I wrote this postcard to my late grandmother in January, 1989.
I’m in Tahiti and will be here for another 2 1/2 weeks! Today we are going to see waterfalls like the one on the front of this postcard. It is pretty hot here and humid! I haven’t done much sightseeing because we spent last week at the beach. Happy New Year!
Who wouldn’t want to spend winter vacation in Tahiti, walking the black sand beaches and visiting waterfalls?
When my high school French teacher asked if anyone wanted to participate in an exchange with her niece in Tahiti, I jumped at it.
That winter I arrived in Papeete at 5 am, jet-lagged and grimy. My mom taught me to acclimate myself to the local time, so I forced myself to stay up all day. The family–a mom, younger step-father, and 16 year-old daughter–greeted me at the airport with a gardenia lei. I can still picture the delicate fragrance. Mmm.
Although I was 18, I was years behind Alexa, the daughter.

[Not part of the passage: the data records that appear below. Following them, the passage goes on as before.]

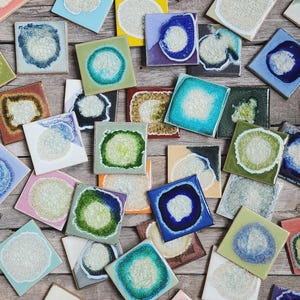 May include: A collection of square ceramic tiles featuring a central textured white circular glaze surrounded by vibrant colored borders in shades of blue, green, red, yellow, and purple, arranged in a scattered pattern on a wooden surface.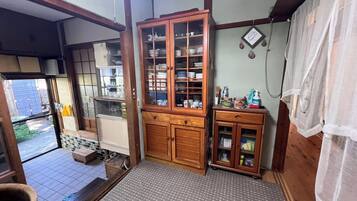 A traditional Japanese room with tatami flooring, a wooden cabinet with glass doors, and a small table with a yellow cloth.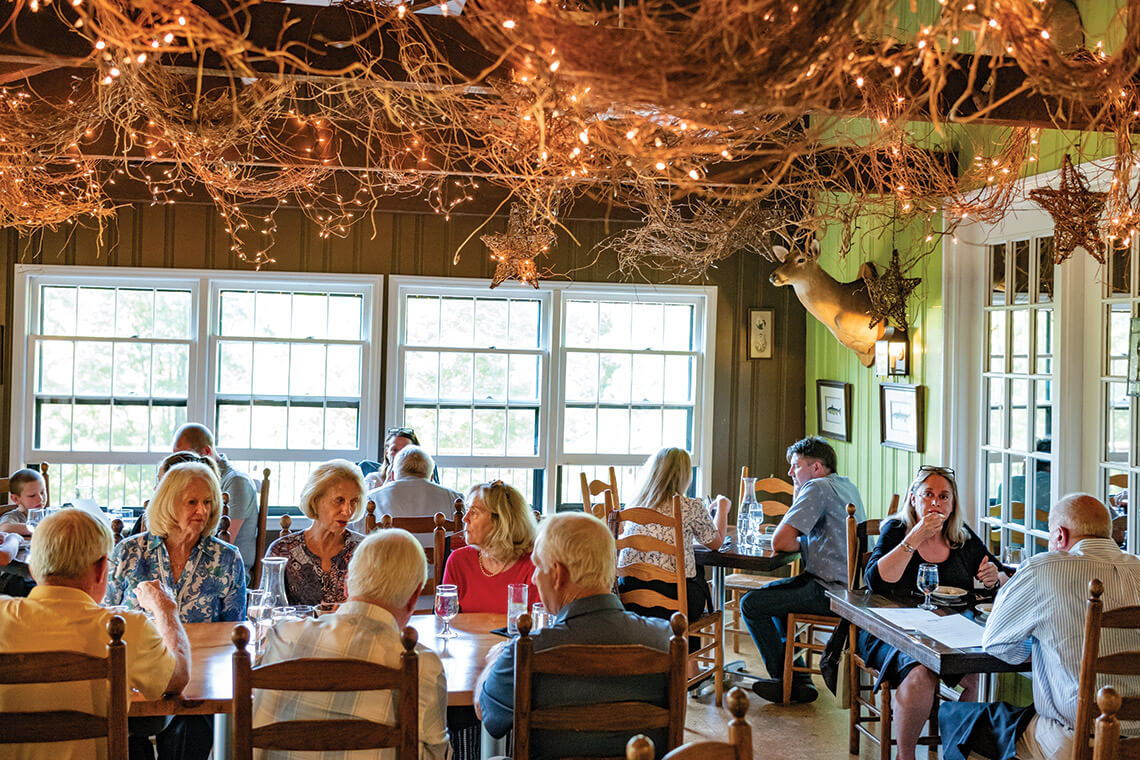 Guests dine in the Vineyard Room at The Gamekeeper. 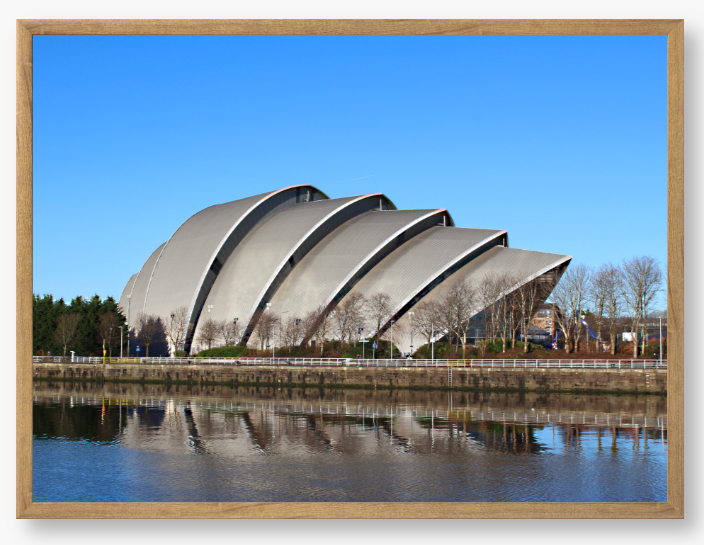 Framed Photo of a Modern architectural building reflected in water with a clear blue sky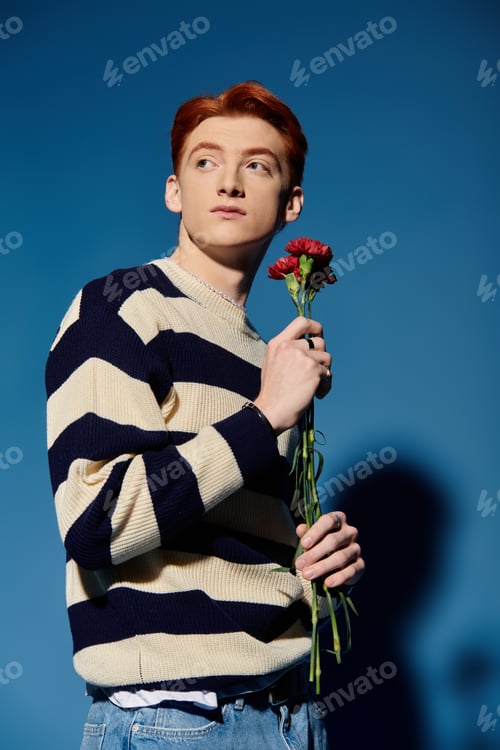 Preview: Emotional young man with a flower poses against a vibrant blue background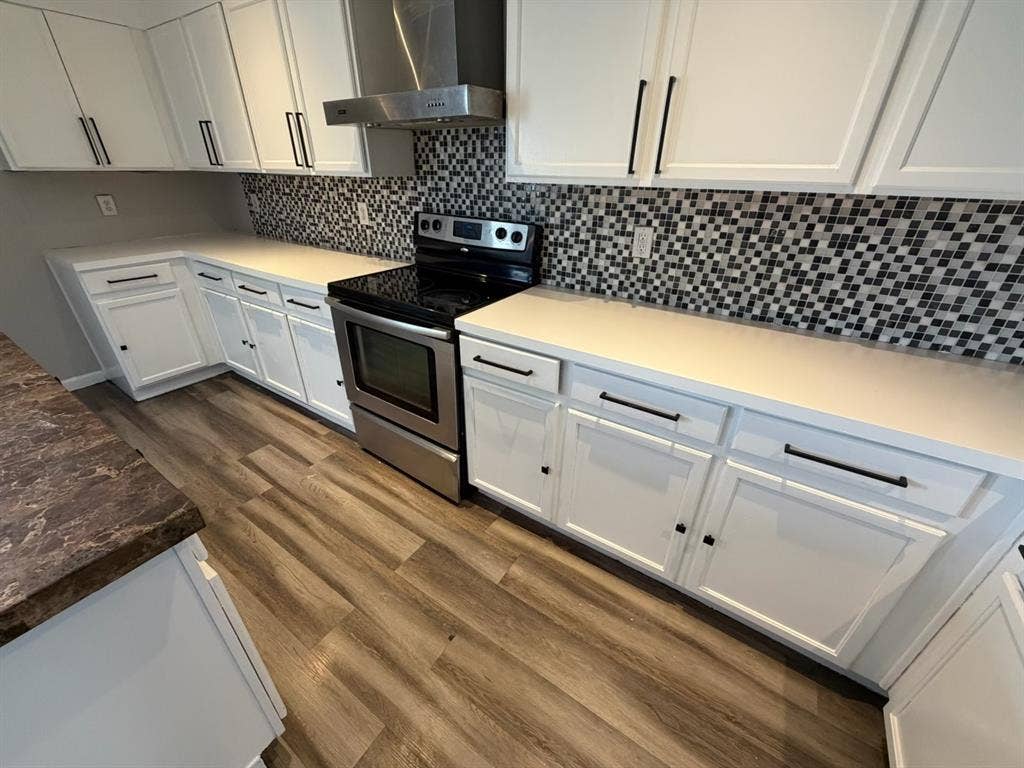 Modern kitchen featuring white cabinetry with black hardware, white countertops, a mosaic tile backsplash, wood-finish flooring, and stainless steel appliances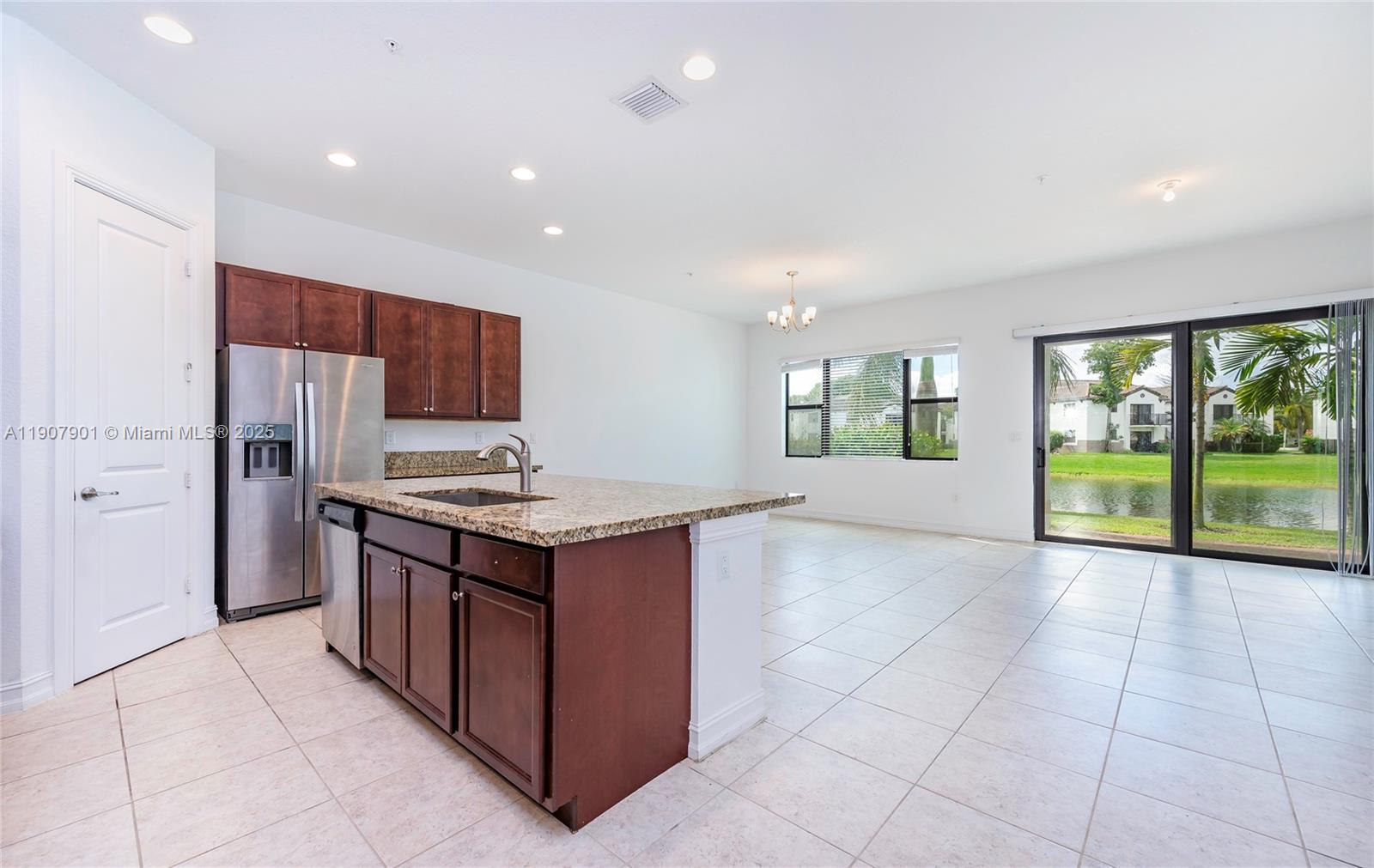 11670 Southwest 13th Lane, Unit 11670 Pembroke Pines, FL 33025 - Photo 13 of 38 a kitchen with kitchen island granite countertop a stove and a sink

The week at the beach I wrote about in the postcard was a vacay from hell. Alexa and her boyfriend and a few of their friends (all 16 year-olds) got drunk every night, smoked pot every day, and one guy even locked himself in a bedroom for hours, listening to the same Pink Floyd songs over and over. I found solace at the retired neighbor’s bungalow, talking to the old French guy there and sharing his pineapple banana juice in a quart carton. He was the only adult around.
When Alexa brought me to school with her one day, the French kids sized me up and then ignored me, but the few Chinese and Tahitian ones slipped me sympathetic smiles.
Then there was New Year’s Eve. The custom in Tahiti, among the French at least, was to stay up all night. I almost begged Alexa’s mom and step-father to let me to stay home, joining them next door at their friendly neighbor’s whose pool I used during the day when Alexa went to school without me. But no one likes a party pooper, so I went along with Alexa and the beach crew.
At midnight, the DJ played U2’s New Year’s Day and a twenty-something guy flashed a vial of a white substance in front of my face, asking in French if I wanted some. Are you f*&@ing kidding me? I wanted to say. But I just turned my head and continued to sit alone. Alexa and her boyfriend were nowhere to be seen.
That month passed as slowly as a year, but I’m glad I went. When else would I’ve had the chance to stay in Tahiti for a month? And when I returned to college in February, I aced French class.